DiedNovember 4, 1972(1972-11-04) (aged 68)
EducationCity College of New York
Occupations
  • Political theorist
  • activist
Years active1923–1972
SpouseYetta Barsh

Max Shachtman (/ˈʃɑːktmən/; September 10, 1904 – November 4, 1972) was an American Marxist theorist. He went from being an associate of Leon Trotsky to a social democrat and mentor of senior assistants to AFL–CIO President George Meany.

Beginnings

Shachtman was born to a Jewish family in Warsaw, Poland, which was then part of the Russian Empire. He emigrated with his family to New York City in 1905.

At an early age, he became interested in Marxism and was sympathetic to the radical wing of the Socialist Party. Having dropped out of City College, in 1921 he joined the Workers Council, a Communist organization led by J.B. Salutsky and Alexander Trachtenberg which was sharply critical of the underground form of organization of the Communist Party of America. At the end of December 1921 the Communist Party launched a "legal political party," the Workers Party of America, of which the Workers' Council was a constituent member.[1] Shachtman thereby joined the official communist movement by virtue of the Workers' Council's dissolution by merger.

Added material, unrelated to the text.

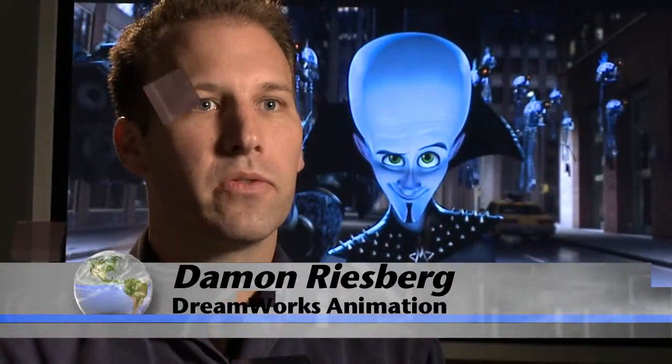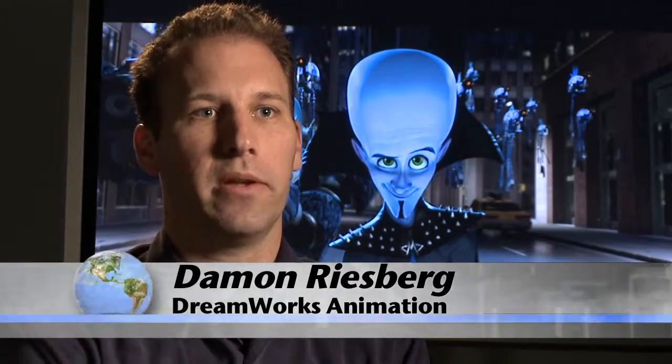This shot right here wouldn't work out in the real world. So Garcia helps them create believable yet wacky worlds of their own. Each movie, each film, each animation that we do has its own world of physics.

Shachtman was persuaded by Martin Abern to move to Chicago to become an organizer for the communist youth organization and edit the Young Worker. After joining the Communist Party, he rose to become an alternate member of its Central Committee. He edited Labor Defender, a journal of International Labor Defense, which he made the first photographic magazine on the U.S. left. As editor of Labor Defender he fought to save anarchists Nicola Sacco and Bartolomeo Vanzetti from execution, speaking at street-corner meetings that were broken up again and again by police.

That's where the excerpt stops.